Every line below needs to be transcribed without alteration, and no image may be carried over.
++++++++++++++++++++
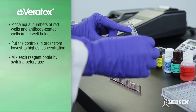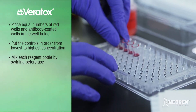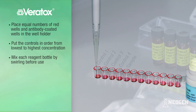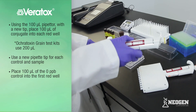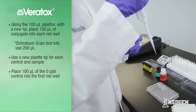To set up your test, place equal numbers of red mixing wells and clear antibody-coated wells in the well holder. You will need one well for each control and an additional well for each sample. For our demonstration, we will test one sample on the Veritox for Aflatoxin test kit, requiring a total of five wells — one for each of the four controls and one for our sample. Put the controls in order from lowest to highest concentration. Reagent bottles should be mixed by swirling each bottle prior to use. Using the 100 microliter pipetter and a new tip, prime and pipette 100 microliters of conjugate into each red well.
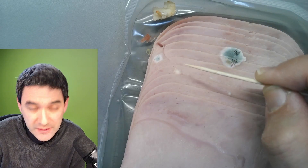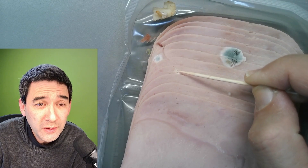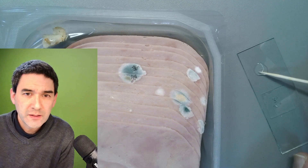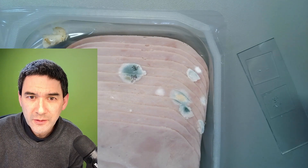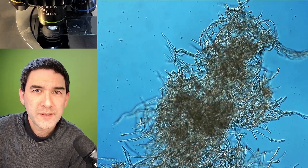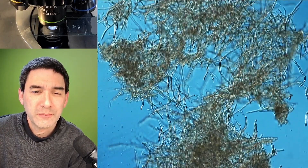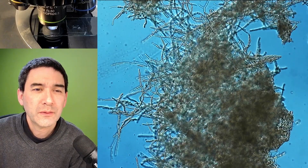Let's try another one — this one over here. I wonder if this is also a fungus or maybe a bacterial colony. I'm not quite sure. And the cover glass goes on top. Here we go again. No, that's basically also a fungus — okay, not a bacterium. Not a bacterial colony.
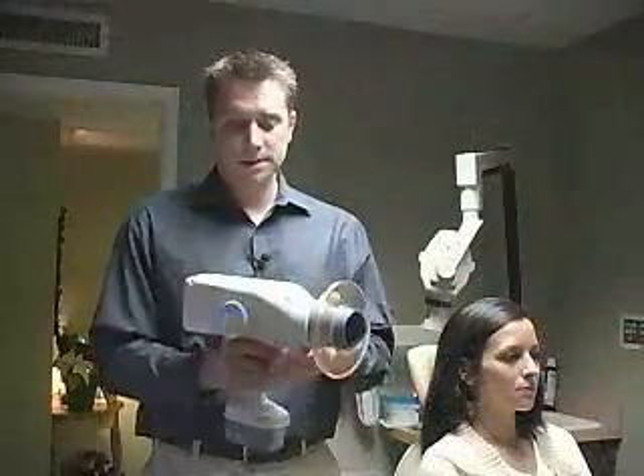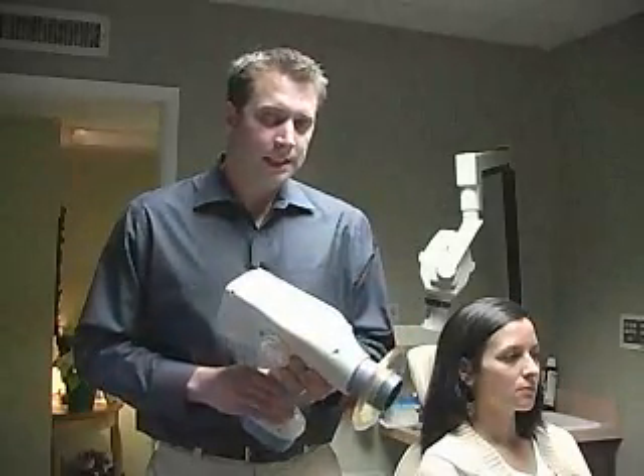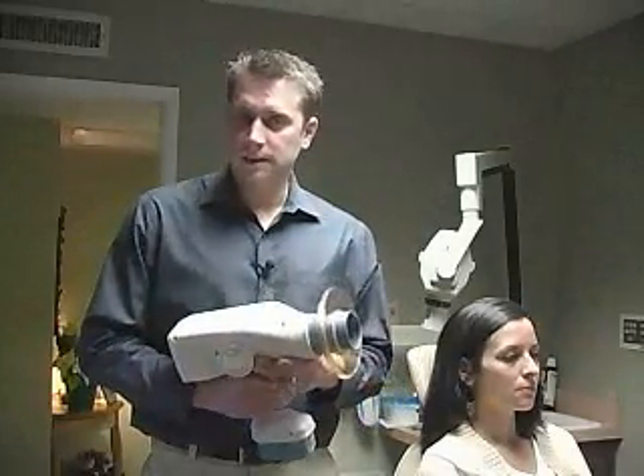Another exciting application for this is in hospital dentistry. You can bring this up to various floors of the hospital — you don't have to bring patients down to your clinic to get nice images. You can also use this in disaster recovery situations, third world countries, anywhere where access is difficult.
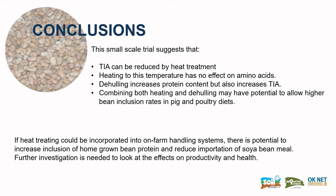If heat treatment could be incorporated into on-farm handling systems, there is a potential to increase the inclusion of homegrown bean protein and reduce the importation of soybean meal. Further investigation is needed to look at the effects on productivity and health.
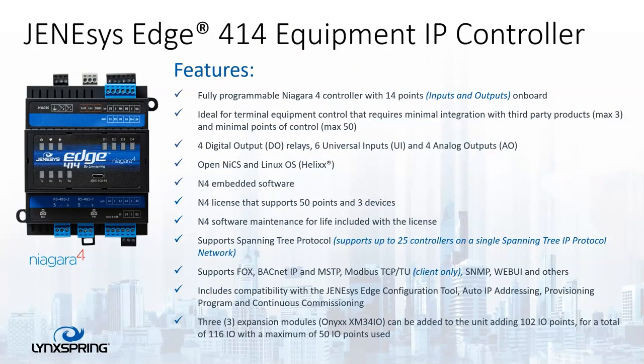Now we have the Genesis Edge 414, which contains 14 points of IO on board, and it's ideal for terminal equipment control that requires minimal integration. Because this has a fixed license of 50 points and three devices, the 414 has a lifetime SMA included with the license, which means that for as long as you have the controller, we can continue to upgrade it to the latest version of Niagara without any additional cost.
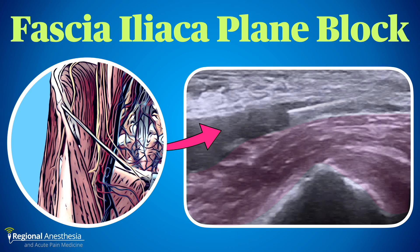The fascia iliaca plane block is a useful technique for anesthetizing several key components of the lumbar plexus, and has been shown to reduce pain intensity and opioid use, as well as adverse outcomes such as delirium in patients who present with hip fracture. It's also excellent for post-op analgesia following hip arthroplasty.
++++++++++++++++++++
#### ANSWER TO THE PROBLEM:
To set up your test, place equal numbers of red mixing wells and clear antibody-coated wells in the well holder. You will need one well for each control and an additional well for each sample. For our demonstration, we will test one sample on the Veritox for Aflatoxin test kit, requiring a total of five wells — one for each of the four controls and one for our sample. Put the controls in order from lowest to highest concentration. Reagent bottles should be mixed by swirling each bottle prior to use. Using the 100 microliter pipetter and a new tip, prime and pipette 100 microliters of conjugate into each red well.
Let's try another one — this one over here. I wonder if this is also a fungus or maybe a bacterial colony. I'm not quite sure. And the cover glass goes on top. Here we go again. No, that's basically also a fungus — okay, not a bacterium. Not a bacterial colony.
Another exciting application for this is in hospital dentistry. You can bring this up to various floors of the hospital — you don't have to bring patients down to your clinic to get nice images. You can also use this in disaster recovery situations, third world countries, anywhere where access is difficult.
If heat treatment could be incorporated into on-farm handling systems, there is a potential to increase the inclusion of homegrown bean protein and reduce the importation of soybean meal. Further investigation is needed to look at the effects on productivity and health.
Now we have the Genesis Edge 414, which contains 14 points of IO on board, and it's ideal for terminal equipment control that requires minimal integration. Because this has a fixed license of 50 points and three devices, the 414 has a lifetime SMA included with the license, which means that for as long as you have the controller, we can continue to upgrade it to the latest version of Niagara without any additional cost.
The fascia iliaca plane block is a useful technique for anesthetizing several key components of the lumbar plexus, and has been shown to reduce pain intensity and opioid use, as well as adverse outcomes such as delirium in patients who present with hip fracture. It's also excellent for post-op analgesia following hip arthroplasty.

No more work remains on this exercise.